One issue that Morrison has been speaking about since taking office as PM has been religious freedom, talk which comes against the backdrop of a government inquiry led by former Attorney-General Philip Ruddock into the issue which was sparked after the vote on same-sex marriage last year.

Williams says, in a sense, Morrison has been fortunate given that religious freedom, a hot-button issue at the moment in Australia, is one which resonates with Christians of all persuasions.

“It’s hard to see how a fair dinkum Christian of whatever stripe would disagree with the concept of embedding rights of religious freedom into law…” he says. “At least in terms of the Christian vote he’s trying to pitch to, I think it’ll be a winner for him. He may lose other votes, he may further antagonise other voters but at least among Christians I don’t see it as being a divisive issue.”

Faith-based education – and his opposition to some of the gender-based programs in schools, the influence of what he recently called “gender whisperers” -  is another issue that Morrison’s already waded into which will resonate with some Christians in the community but it’s not just Morrison who seems to be bringing his faith into his politics. Christian groups, too, have seen Morrison’s elevation to the Prime Ministership as a chance to appeal directly to his faith in addressing specific issues.

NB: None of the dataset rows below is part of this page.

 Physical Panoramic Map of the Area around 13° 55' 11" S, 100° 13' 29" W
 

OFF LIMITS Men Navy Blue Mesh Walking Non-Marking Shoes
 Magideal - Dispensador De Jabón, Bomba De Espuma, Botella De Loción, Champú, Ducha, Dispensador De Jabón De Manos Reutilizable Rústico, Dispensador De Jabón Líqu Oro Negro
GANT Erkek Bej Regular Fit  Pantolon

“[Some] parts of the Christian community are appealing to him specifically to…bring his faith to issues around refugee and asylum seeker policy which they feel is in disharmony with his Christian convictions,” notes Smart.

“He’s famously the architect of the 'Stop the Boats' policy which has been effective but many people would critique that as quite a brutal policy that doesn’t line up with the heart of the Christian faith which can be characterised by grace, mercy and kindness for the stranger and care for the vulnerable and the weak. Now this is a very complex area and people on both sides of politics have not, in my estimation, been able to come up with a good solution to it but it is an area that’s awkward when it comes to what has to be a complicated mix of conviction and the compromise of politics.”

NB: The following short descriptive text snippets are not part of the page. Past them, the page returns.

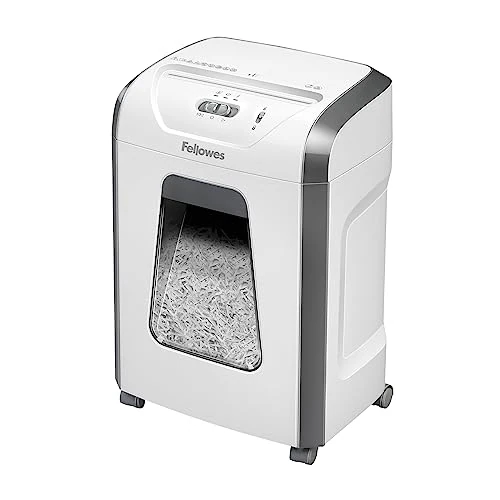 Zeitlich begrenztes Angebot: Fellowes Aktenvernichter, Papierschredder für 12 Blatt Partikelschnitt, Aktenvernichter P4, Schredder für Büro und Homeoffice, Powershred FS-12C, mit 19L Papierkorb, verarbeitet Kreditkarten, Weiß von 88.95 € auf 88.95 € (0.00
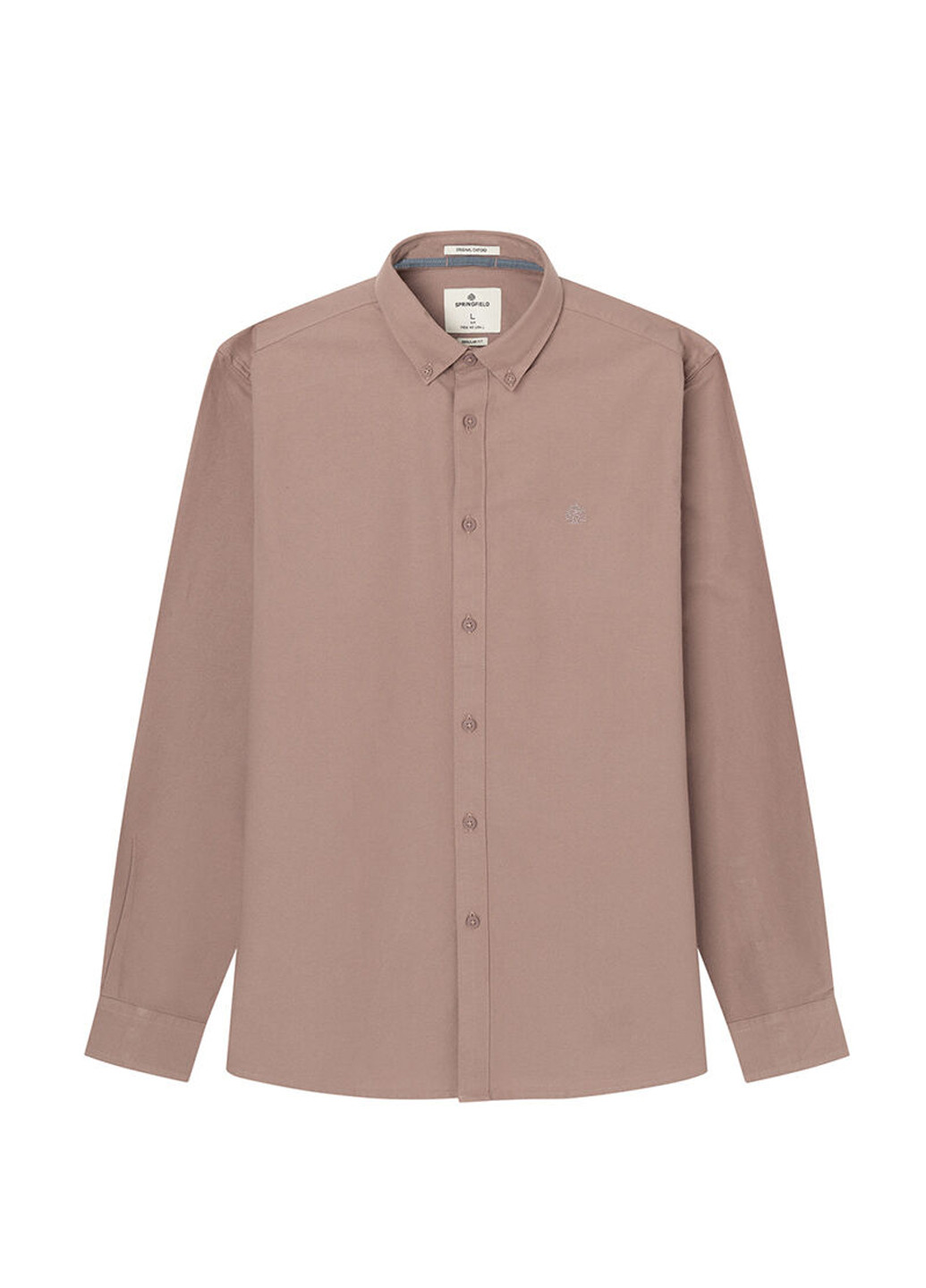 Розовая кэжуал, классическая рубашка однотонная Springfield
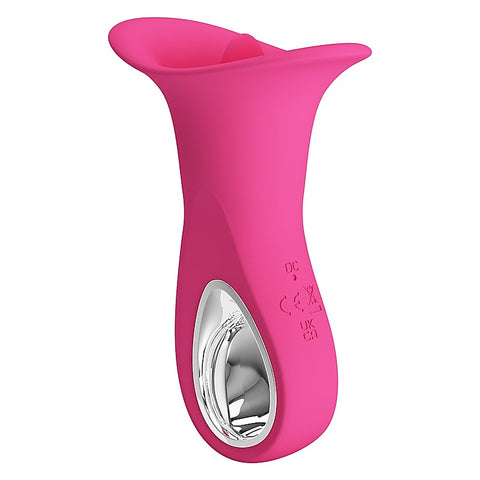Pretty Love Clyde Oral Sex Clitoral Massager Pink - Clit Ticklers and Pulsators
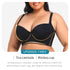 Plus Size Push Up Bras with Back Fat Coverage Seamless T-Shirt Bra 34B to 46D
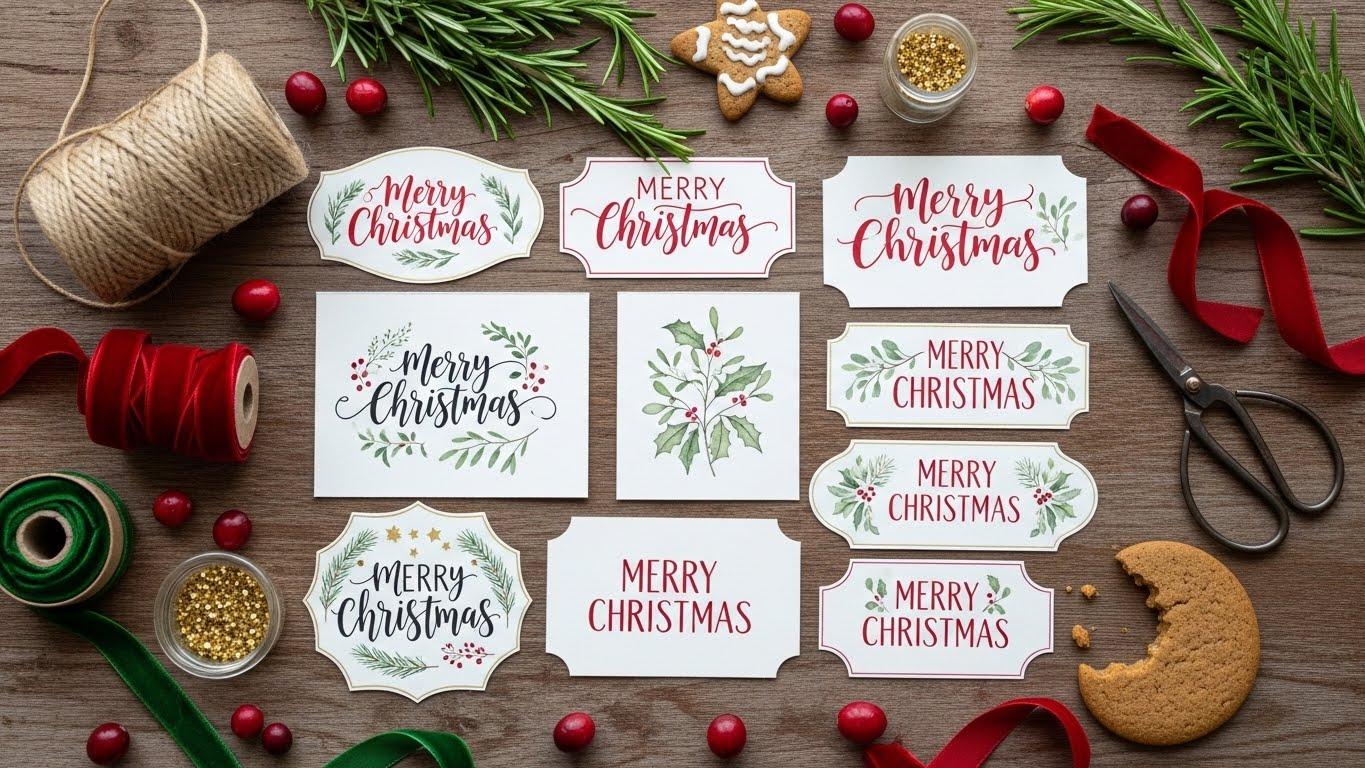 메리크리스마스 라벨도안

“[Some] parts of the Christian community are appealing to him specifically to…bring his faith to issues around refugee and asylum seeker policy which they feel is in disharmony with his Christian convictions."

- Simon Smart

Among the stories have appeared in the wake of Morrison’s taking up the office of Prime Minister has been a report in The Guardian quoting one Pentecostal pastor as stating that "darkness" would spread across Australia if Morrison doesn't win the next election.

Most commentators spoken to by Sight suggest that such comments are not helpful to the Prime Minister. Roy Williams says that idea that God will bring darkness on the land if Morrison isn’t re-elected is an “insult to any non-Coalition voting Christian”.

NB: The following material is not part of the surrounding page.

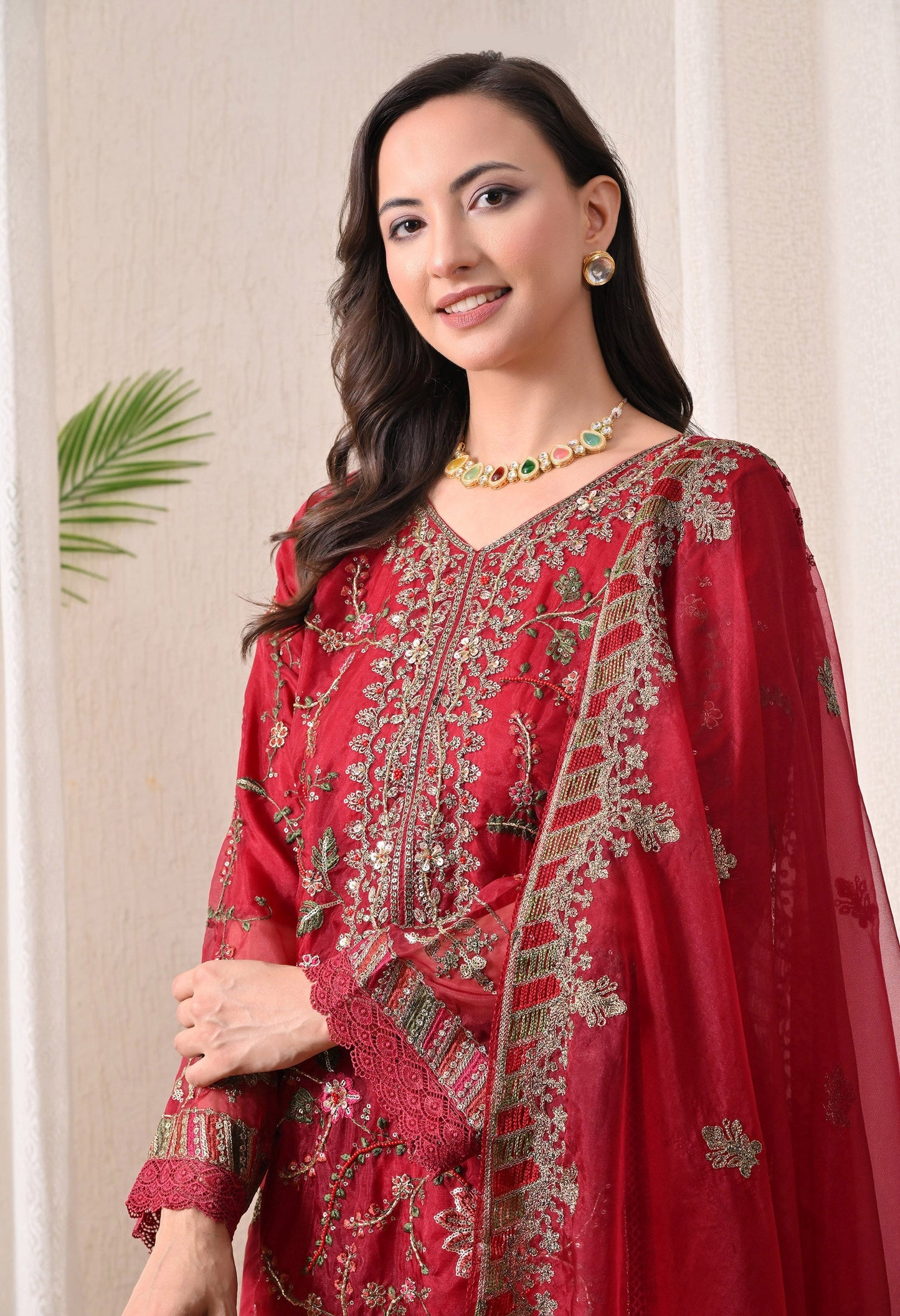 Noor-E-Shab - Pure Organza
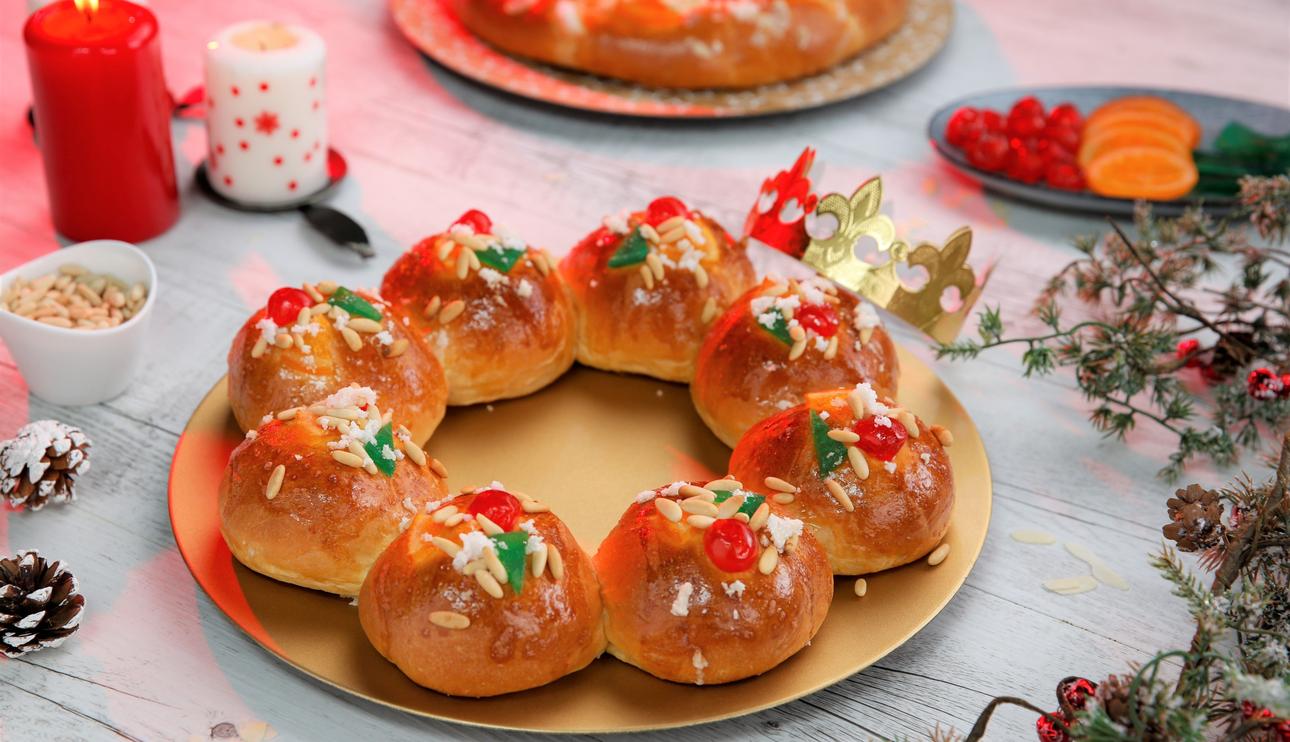 Roscón de Reyes casero con leche condensada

“With friends like that, he might be on tricky ground because that will just get their hackles up,” he says.

At the end of the day, Smart believes that Morrison’s faith shouldn’t be seen as a threat to democracy.

He says that while he understands people who worry about religious people imposing their views, there have also been some “alarmist and over-the-top” responses – perhaps driven by the “disastrous” marrying of political ideology with religion which has been seen in the US - to Scott Morrison’s faith.

In a opinion piece published by the ABC in mid-September, he argued that the “public square should not be devoid of religion and religious voices” and “Scott Morrison should be as welcome as the next person to bring his belief system to the perilous dance between compromise and conviction that is modern party politics”.

He added that while Morrison was, to date, “most famed for a brutally utilitarian border protection policy that many of his fellow Christians are urging him to adjust, particularly the long-term detention of children”, a pressing question for him now “will be what aspect of his Christian conviction he hopes to be remembered for.”

That question is yet to be answered.

Clarification: The words "does not" were accidentally omitted from a quote by Roy Williams and have been added back in.